EX-5.0 2 ex5_0.htm EXHIBIT 5.0

Exhibit 5.0

SIXTH AMENDMENT TO
LOAN AND SECURITY AGREEMENT

          This SIXTH AMENDMENT TO LOAN AND SECURITY AGREEMENT (this “Amendment”), is dated as of June 2, 2009, by and between WELLS FARGO FOOTHILL, LLC, a Delaware limited liability company and assignee of Wells Fargo Foothill, Inc., a California corporation (“Lender”), and VELOCITY INVESTMENTS, L.L.C., a New Jersey limited liability company (“Borrower”).

WITNESSETH:

          WHEREAS, Borrower and Lender’s predecessor-in-interest entered into that certain Loan and Security Agreement, dated as of January 27, 2005, as amended by that certain First Amendment to Loan and Security Agreement, dated as of February 27, 2006, that certain Second Amendment to Loan and Security Agreement, dated as of December 8, 2006, that certain Third Amendment to Loan and Security Agreement, dated as of February 23, 2007, that certain Fourth Amendment to Loan and Security Agreement, dated as of February 29, 2008, and that certain Fifth Amendment to Loan and Security Agreement, dated as of November 1, 2008 (as amended, restated, supplemented or otherwise modified through the date hereof, the “Loan Agreement”);

          WHEREAS, Borrower has requested that Lender waive certain violations of financial covenants contained in the Loan Agreement for certain periods and modify a certain financial covenant contained in the Loan Agreement, as more fully set forth herein; and

          WHEREAS, Lender is willing to waive certain violations of financial covenants contained in the Loan Agreement for certain periods and modify a certain financial covenant contained in the Loan Agreement, subject to the terms hereof;

          NOW THEREFORE, in consideration of the premises and of the mutual covenants contained herein, and other good and valuable consideration, the receipt and adequacy of which are hereby acknowledged, the parties hereto agree as follows:

          SECTION 1. Defined Terms. Unless otherwise defined herein, all capitalized terms used herein have the meanings assigned to such terms in the Loan Agreement, as amended hereby.
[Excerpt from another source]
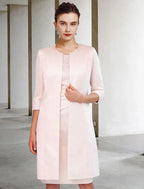 Vestido de mãe da noiva de duas peças, elegante, estilo igreja, inverno, com casaco, manga curta, decote redondo, comprimento até ao joelho, cetim, renda, drapeado lateral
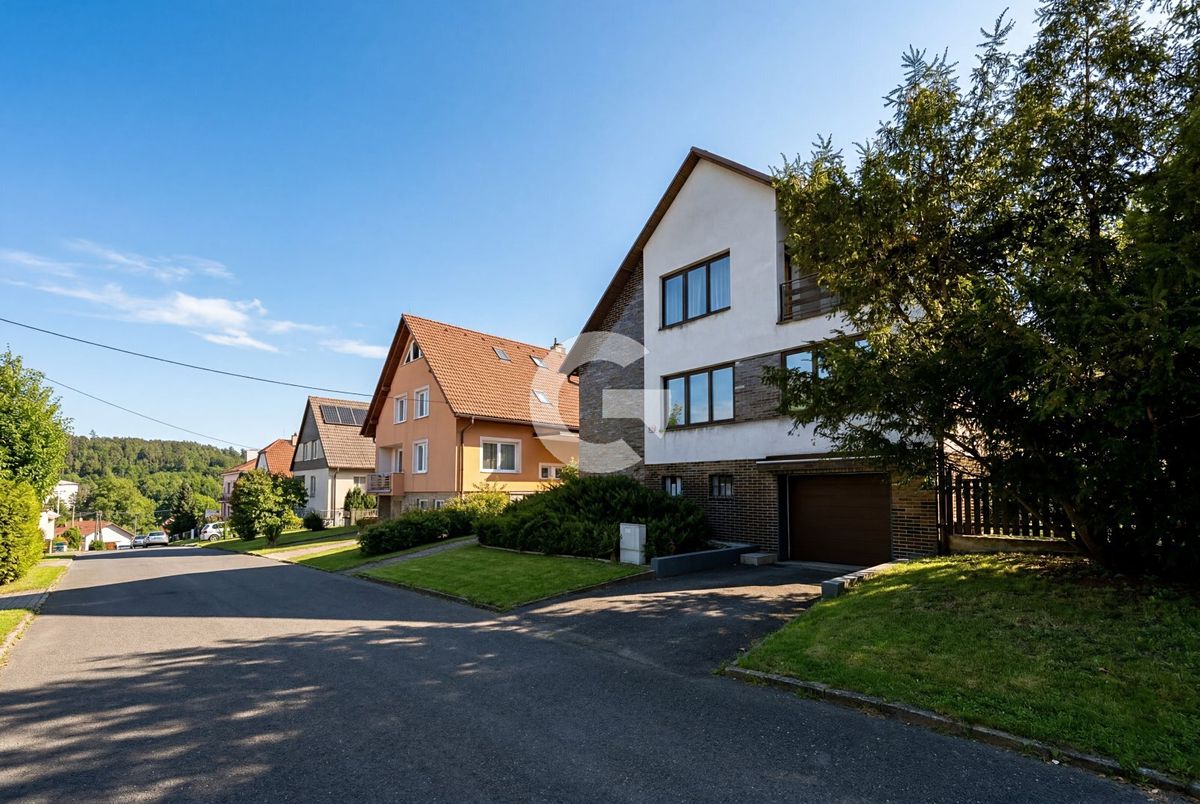Prodej rodinného domu 200 m², pozemek 687 m²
          SECTION 2. Amendments. Upon the Sixth Amendment Effective Date (as hereinafter defined), the Loan Agreement shall be amended as follows:

          (a)     The following definition in Section 1.1 of the Loan Agreement is hereby deleted in its entirety and replaced with the following:

 

 

 

          “‘Parent’ means Velocity Portfolio Group, Inc., a Delaware corporation formerly known as Velocity Asset Management, Inc.”



          (b)     Section 7.17(d) of the Loan Agreement is hereby deleted in its entirety and replaced with the following:

 

 

 

          “(d)     at all times, the sum of Parent’s stockholder’s equity plus Subordinated Debt at not less than $22,000,000.00,”

          (c)     Exhibit C-1 to the Loan Agreement is hereby deleted its entirety and replaced with Exhibit C-1 attached hereto and incorporated herein.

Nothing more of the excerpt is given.